Before I left Chichi, I had messaged a Panamerican riders Facebook group and had been put in touch with a man named Carlos in the city who generously helped me locate the correct voltage regulator replacement for my bike, of which I purchased two, intending to keep one as a spare. I stayed the night at Carlos’ house and returned the next morning via chicken bus to Chichi, confident that I had the solution in hand. Unfortunately it was not so simple. The new piece of hardware did nothing to alleviate the problem.
We decided to risk riding the bike to the city and get some diagnostic help. A fully charged battery should last long enough, but if necessary we could stop and recharge at a number of small cities along the way. I had no personal interest in going to Guatemala City. Everyone we had spoken to had warned us to stay away. Most of the crime in Guatemala and the reason for its poor reputation derives from the city. It is crowded, polluted, ugly and dangerous, but it does have a lot of parts and people who know how stuff works.
The battery lasted the entire three hours of the trip with a little to spare. Carlos met us and showed us where we could stay and introduced us to Johann who was a BMW mechanic and fellow airhead owner and enthusiast, and who generously helped me diagnose the source the charging failure.

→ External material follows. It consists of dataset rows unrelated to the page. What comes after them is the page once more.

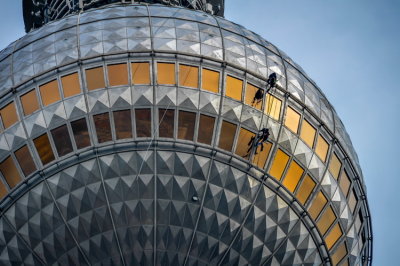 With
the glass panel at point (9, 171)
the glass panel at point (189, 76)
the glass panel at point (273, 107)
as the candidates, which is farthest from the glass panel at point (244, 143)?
the glass panel at point (9, 171)

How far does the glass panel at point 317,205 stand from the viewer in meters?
45.7

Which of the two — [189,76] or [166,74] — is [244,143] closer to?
[189,76]

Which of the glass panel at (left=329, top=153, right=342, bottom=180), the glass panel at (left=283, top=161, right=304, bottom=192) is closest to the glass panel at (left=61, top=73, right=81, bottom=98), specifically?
the glass panel at (left=283, top=161, right=304, bottom=192)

Johann set me up with some space in his shop and the next day we got to work. We figured out that there was a problem with the stator on the alternator. Fortunately he knew a guy who specialized in alternators, so we took the piece to him. He thought he could fix it but would need a couple of days. I decided to take advantage of the time and the workspace and work on my list of repairs and modifications that has grown steadily since we left California. I added some auxiliary LED headlights, replaced my broken turn signal with little LED turn signals, got some new bushings made for the gas tank—the old ones have been threatening to disintegrate for months—changed the engine oil and adjusted the valves. Throughout the projects Johann was invaluable, advising about the bike and driving me around the city to find the parts I needed.
All together, I ended up spending a week in Guate, working nearly the entire time. After we got everything together and functioning properly, we went for a ride, Johann, his wife Evelyn, his friend Conzago, and me. We rode down to the black sand beach at Montericco and back. The first half was quite fun. It included some excellent new roads, some bad pot holes, and a short river ride on a small wooden flat bottom ferry. On the return trip, however, we encountered horrendous weekend traffic. Evidently the entire city had the same idea we did.
I will not visit northern Guatemala on this trip, but thanks to the electrical failure I got to experience a side of the country that most visitors don’t see and I met some wonderful people. This will be my memory of Guatemala and perhaps that is for the best.